結果、開幕戦だったFE名古屋戦は連敗。前シーズンまでベストなオフェンスチームだったのに、開幕戦では70点も取れず負けてしまう試合からのスタートでした。

ーーそこからどのようにチームを立て直していったのですか?

戦術を一気に変えることにしました。今在籍している選手で何ができるかをコーチ3人で徹底的に考えて、ひとつひとつ調整していったんです。

河田選手(広島ドラゴンフライズ / 河田チリジ選手)は10月末からの合流でしたが、プレシーズンの間は彼を想定した練習ができていません。新たな選手が加入したら、その都度「どうやってその選手を活かせるか」と考えてはトライしてきました。

また、加入だけでなく、怪我などで選手が離脱してしまうこともありました。
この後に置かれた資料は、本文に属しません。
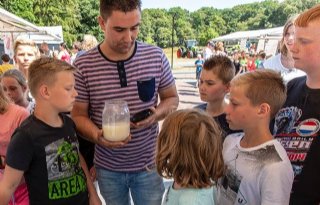 Ruiken+en+proeven+op+agrarische+belevingsfair+Drenthe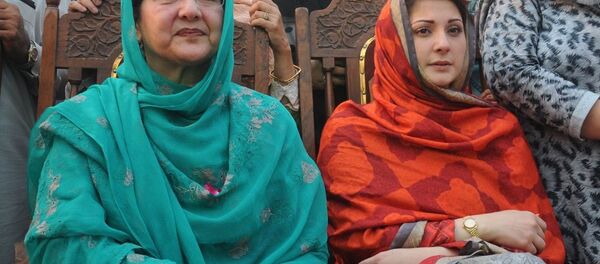 Begüm Gülsüm Navaz ile kızı Meryem Navaz - Sputnik Türkiye
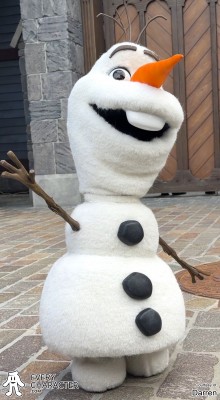 Waving Olaf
シーズン終盤の3月に寺嶋選手(広島ドラゴンフライズ / 寺嶋良選手)が負傷してしまい、最後の14、5試合を彼無しで戦うと決まった時にも、まったく別のチームを作るためさまざまな分析や調整を行いました。

ーーそれを普段の業務にプラスして行っていたとなれば、どれだけ大変だったことかと拝察します。

大変な状況ではありましたが、少しずつ少しずつ調整して、それに選手たちが応えてくれた結果として最終的にチャンピオンシップ優勝という成果が残せたのだと思っています。

今のバスケットのトレンドはヘッドコーチのやりたいバスケットを遂行していく形だとは思うのですが、そんな中で23-24シーズンのドラゴンフライズは、選手の個性やその時の状況でできることに着目していかに修正していくかというところに着目して、コーチ3人で力を合わせて頑張りました。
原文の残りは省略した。